Media as a Cause for Crime

Cards (12)

  • How the Media Causes Crime & Deviance:
    Imitation, arousal, desensitisation, transmitting knowledge of criminal techniques, a target for crimes, stimulating desires for unaffordable goods, portraying the police as incompetent, and glamourising offending.
  • Media Exposure of Crime, & Its Impact on Children
    There is fear of the possible negative consequences of media- though most studies have only found a small and limited negative effect on audiences. Schramm et al claims that under some conditions, for some children it can have a negative effect, but under those same conditions, the exposure doesn't harm them.
  • Media Exposure of Crime, & Its Impact on Children (AO3)
    Livingstone: argues that despite such conclusions, people continue to be preoccupied with the effect of media on children, due to our desire as a society to regard childhood as a time of uncontaminated innocence in the private sphere.
  • Fear of Crime:
    Media exaggerate the amount of violent/unusual crime, and the risks of certain groups becoming victims (such as women and elderly). Media distortions may then cause an unrealistic fear of crime. Gerbner et al found that heavy TV users had higher levels of fear (positive correlation). Schlesinger and Tumber found a correlation between media consumption with tabloid readers and heavy TV users expressing a greater fear of becoming victims, especially of physical attack and 'mugging'.
  • Fear of Crime: (AO3)
    Correlations don't prove that media viewing causes fear, e.g. it may be those afraid of going out watch more TV as they stay in frequently. Greer and Reiner: note research ignores the meanings that viewers give to media violence. They may have different views towards cartoons, horror films, and newspapers. Interpretivist view- to understand the possible effects of media, we must look at the meanings people give to what they see.
  • The Media, Relative Deprivation, & Crime: (1)
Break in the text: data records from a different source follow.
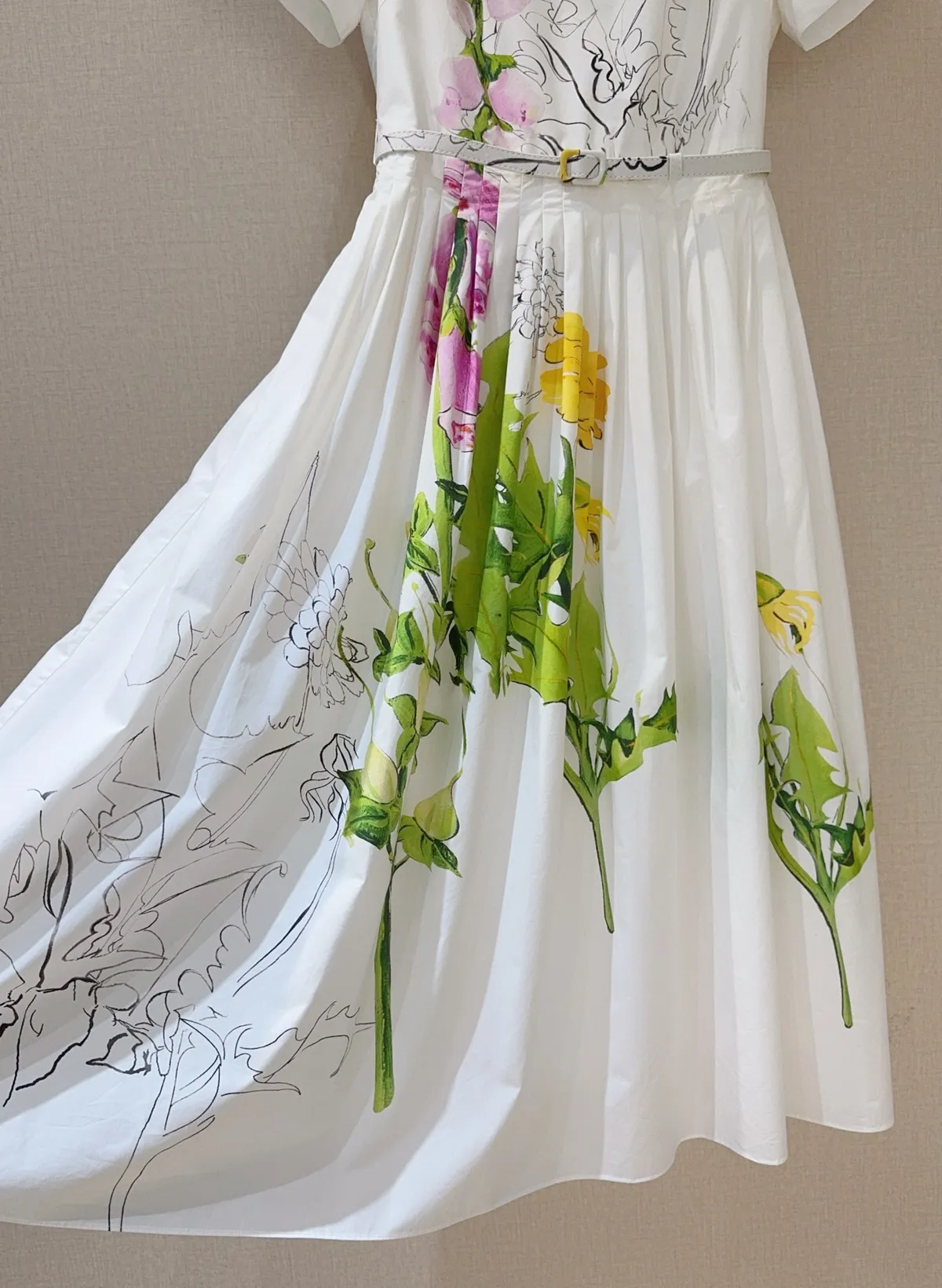 White Floral Print Midi Dress with Gathered Empire Waist and Short Sleeves - Mid-Calf A-Line Cotton Dress from Dhgate Basic & Casual Dresses - price 176.64 White Floral Print Midi Dress with Gathered Empire Waist and Short Sleeves - Mid-Calf A-Line Cotton Dress from Dhgate Basic & Casual Dresses - price 176.64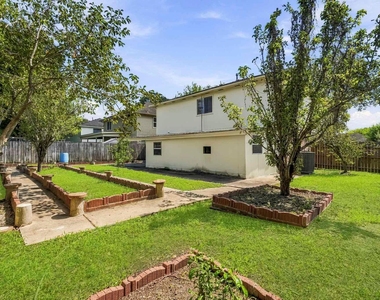 5815 Red River Drive - Photo Thumbnail 24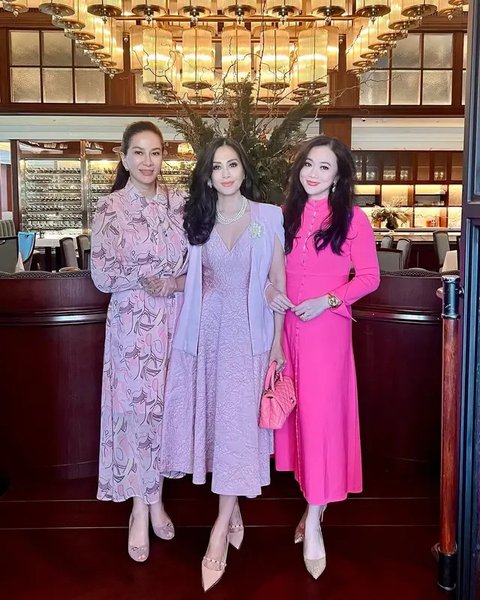 Model Dress Panjang Diah Permatasari (instagram.com/dps_diahpermatasari)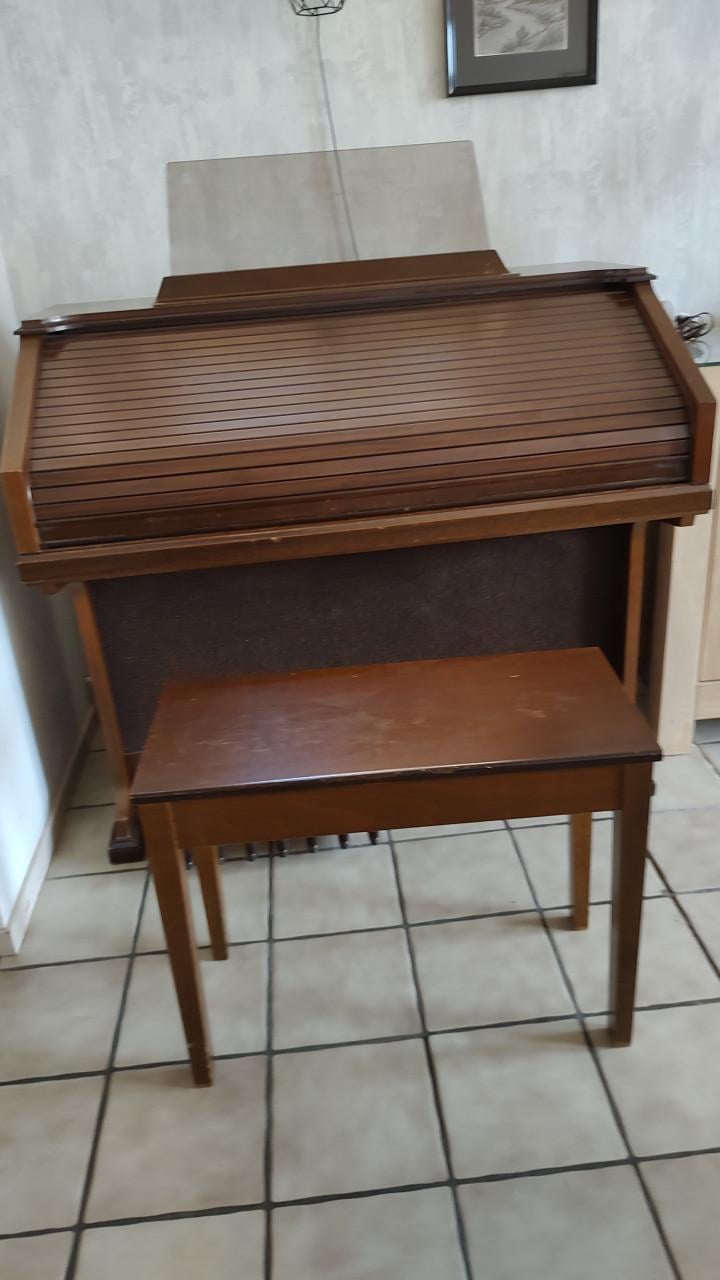 Electrisch orgel merk Eminent Solina f 225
    Looking at the ways in which portrayals of 'normal' lifestyles may encourage people to commit. E.g. Left Realists argue that mass media helps to increase a sense of relative deprivation among poor and marginalised groups. Lea and Young: mass media spreads a standardised image of lifestyle, particularly in areas of popular culture and recreation, for those unemployed, it has increased their sense of relative deprivation.
  • The Media, Relative Deprivation, & Crime: (2)
    In today's society, poorest groups have access to media, presenting everyone with images of a materialistic life of leisure and consumer goods- making it a norm to which they should conform. Stimulating exclusion. Merton argues pressure to conform, with blocked opportunities, causes deviance. The media are instrumental in setting the norm and promoting crime.
  • Cultural Criminology, the Media, & Crime:

    Argues media turn crime into a commodity people desire, rather than producing crime in their audience, they encourage those to consume crime (through images of crime). Hayward and Young: see late modern society as a media-saturated society where we are immersed in the 'mediascape'- tangle of fluid digital images causing a blurring between image and reality of crime, the two aren't separable. The way media represent crime, actually creates crime itself.
  • Cultural Criminology, the Media, & Crime: Example

    E.g. gang assaults aren't just caught on camera, they are now staged and later packaged together as 'underground fight videos'. Similarly, police car cameras don't just record police activity, they alter the way in which the police work, with US police forces using reality TV like 'Cops' as promotion.
  • Cultural Criminology, the Media, & Crime: Media & Commodification of Crime (1)
    Feature of late modernity is emphasis on consumption, excitement and immediacy. Hayward and Young: argue crimes thrills are commodified as corporations or advertisers use images of crimes to sell products, especially in youth markets (E.g. HipHop artists combine images of street criminality with images of consumerist success like designer clothing/cars).
  • Cultural Criminology, the Media, & Crime: Media & Commodification of Crime (2)
    The thrills of crime have been commodified within mainstream products. Car ads featuring street riots; and fashion industry's advertisement on images of the forbidden ('heroin chic', Opium, Poison, Obsession). Fenwick and Hayward: crime is packaged and marketed to young people as romantic, exciting, cool, and a fashionable cultural symbol.
  • Cultural Criminology, the Media, & Crime: Media & Commodification of Crime (3)
    Countercultures are packaged and sold; graffiti is a marker of deviant urban cool, but corporations now use it as unauthorised strategies called 'brandalism' to sell, from theme parks to cars. Using moral panics, controversy and scandal to market products. Brands that young people wear are now seen as symbols of deviance- brands have become tools of classification for constructing profiles of potential criminals.